Das Zwillingsgebäude beherbergt das Institut für Islamische und das für Katholische Theologie. Foto: kna/Julia Steinbrecht

Das erste Semester hat das Institut für Katholische Theologie an der Berliner Humboldt-Universität nun hinter sich. Erste Erfahrungen von Lehrenden und Lernenden fallen positiv aus.

An dem schönen backsteinernen Gebäude, das einmal der Charité für ihre Rechtsmedizin gedient hatte, werden noch letzte Restaurierungsarbeiten vorgenommen. Aber das Institut für Katholische Theologie an der Humboldt-Universität zu Berlin hat bereits seine Arbeit aufgenommen. Seit Oktober 2019, dem Start des Wintersemesters, studieren in der Hannoverschen Straße 6 in Berlin- Mitte 42 junge Frauen und Männer.

Chance, einen Beitrag zur Verständigung in der modernen Gesellschaft zu leisten

Die katholische Theologie ist somit ins Zentrum der Stadt gekommen. Ab 1957 war sie als Seminar an der Freien Universität in Berlin-Dahlem zuhause. Nun ist sie Teil der wesentlich älteren und an geschichtlicher Bedeutung reicheren Humboldt-Universität. Und Teil einer veränderten städtischen Kultur samt daran ausgerichteter veränderter Universitätslandschaft.

So hat im Zwillingsgebäude gegenüber ebenfalls zum Wintersemester 2019 das Institut für Islamische Theologie seinen Lehrbetrieb aufgenommen. Der Senat von Berlin war interessiert daran, für die drei großen monotheistischen Religionen neue Ausbildungsstätten einzurichten. Das traf mit dem Anliegen des Erzbistums Berlin zusammen, mit dem Institut dem katholisch geprägten Christentum einen Platz an der Humboldt-Universität zu verschaffen.

Georg Essen, Professor für Systematische Theologie am Institut, sieht in seiner zentralen Lage die Chance, einen Beitrag zur Verständigung in der modernen Gesellschaft zu leisten. Er ist der Überzeugung, „dass in dem gesellschaftlichen Kontext, den wir in Berlin haben – große Säkularisierung, große Pluralität – das Religionsthema nicht verschwindet, sondern dass der Deutungsbedarf steigt.“

Dem begegnet das Institut auch dadurch, dass es neben den klassischen theologischen Fächern den Themenbereich Theologische Anthropologie – eine christlich-katholische Lehre vom Menschen, die ins Gespräch treten will mit anderen Menschenbildern – und einen Bachelor „Religion und Gesellschaft“ anbietet. Letzteres ein Pendant zum Masterstudiengang „Religion und Kultur“ der evangelisch-theologischen Fakultät.

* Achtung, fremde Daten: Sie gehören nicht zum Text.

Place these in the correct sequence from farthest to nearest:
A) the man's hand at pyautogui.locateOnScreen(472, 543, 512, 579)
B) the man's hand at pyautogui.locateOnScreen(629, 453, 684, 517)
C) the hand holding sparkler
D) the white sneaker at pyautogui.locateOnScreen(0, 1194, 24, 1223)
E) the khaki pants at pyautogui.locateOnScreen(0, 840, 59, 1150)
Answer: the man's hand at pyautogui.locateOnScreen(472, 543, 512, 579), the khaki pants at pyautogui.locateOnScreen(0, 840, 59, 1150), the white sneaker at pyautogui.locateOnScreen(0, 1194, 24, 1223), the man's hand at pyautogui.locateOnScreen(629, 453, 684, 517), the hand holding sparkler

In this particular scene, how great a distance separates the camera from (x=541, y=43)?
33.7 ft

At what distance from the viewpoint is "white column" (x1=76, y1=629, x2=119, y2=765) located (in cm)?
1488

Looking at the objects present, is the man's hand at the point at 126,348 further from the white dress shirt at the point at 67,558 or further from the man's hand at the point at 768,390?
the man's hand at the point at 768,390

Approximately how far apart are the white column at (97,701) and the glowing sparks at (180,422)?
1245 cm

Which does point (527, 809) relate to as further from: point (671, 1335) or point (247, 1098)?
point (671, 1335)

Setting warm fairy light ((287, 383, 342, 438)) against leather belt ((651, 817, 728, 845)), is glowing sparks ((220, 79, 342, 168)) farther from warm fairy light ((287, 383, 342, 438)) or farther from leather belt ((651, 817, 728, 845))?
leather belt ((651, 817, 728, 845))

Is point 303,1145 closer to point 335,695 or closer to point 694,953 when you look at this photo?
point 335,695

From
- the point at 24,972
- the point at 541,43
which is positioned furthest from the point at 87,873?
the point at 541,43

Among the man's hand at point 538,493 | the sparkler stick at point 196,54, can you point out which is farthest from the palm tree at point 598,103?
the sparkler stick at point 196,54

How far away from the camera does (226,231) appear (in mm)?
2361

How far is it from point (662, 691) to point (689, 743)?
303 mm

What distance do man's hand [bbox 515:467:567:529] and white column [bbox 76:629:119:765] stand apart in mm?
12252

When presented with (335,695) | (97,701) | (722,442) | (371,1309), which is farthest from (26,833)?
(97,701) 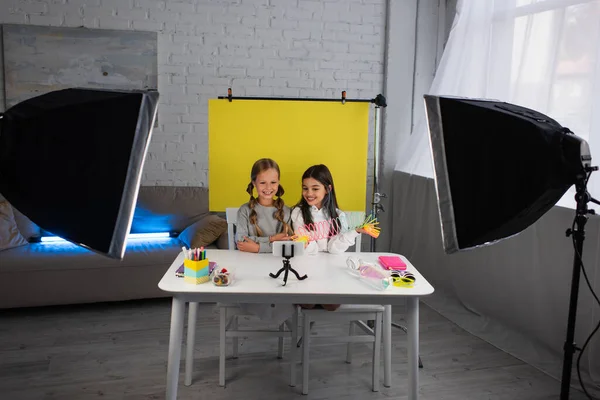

Dort war bisher die „Guardini-Professur für Religionsphilosophie und Katholische Weltanschauung“ zuhause, die nun dem Institut unter dem neuen Namen „Guardini-Professur für Religionsphilosophie und Theologische Ideengeschichte“ angegliedert wurde. Wie ihr Namensgeber, der Religionsphilosoph Romano Guardini, der von 1923 bis zum Verbot durch die Nationalsozialisten 1939 an der Humboldt-Universität gelehrt hat, sind die wechselnden Lehrstuhlinhaber bestrebt, aktuelle religionsphilosophische und theologische Themen auf gesellschaftlich relevante Problemstellungen zu beziehen.

Vielfältige Einsatzmöglichkeiten für die am Institut Ausgebildeten

Neben dieser Mittlerfunktion ist es natürlich Aufgabe des Instituts für Katholische Theologie, die Grundlagen und Facetten des christlichen Glaubens in seiner katholischen Prägung mitzuteilen und seine Relevanz und Plausibilität zu veranschaulichen.

So ausgerüstet, sieht Georg Essen vielfältige Einsatzmöglichkeiten für die am Institut ausgebildeten Frauen und Männer. Etwa in den Medien und in politischen Stiftungen. Wichtig dabei ist, sagt er, „dass es gut ausgebildete Theologen sind, die sprachfähig sind, die artikulationsfähig sind und, das finde ich wichtig, die angstfrei sind.“

Das gilt natürlich auch für das Haupteinsatzgebiet der Absolventen, die Schulen, denn vornehmlich werden am Institut Religionslehrer ausgebildet.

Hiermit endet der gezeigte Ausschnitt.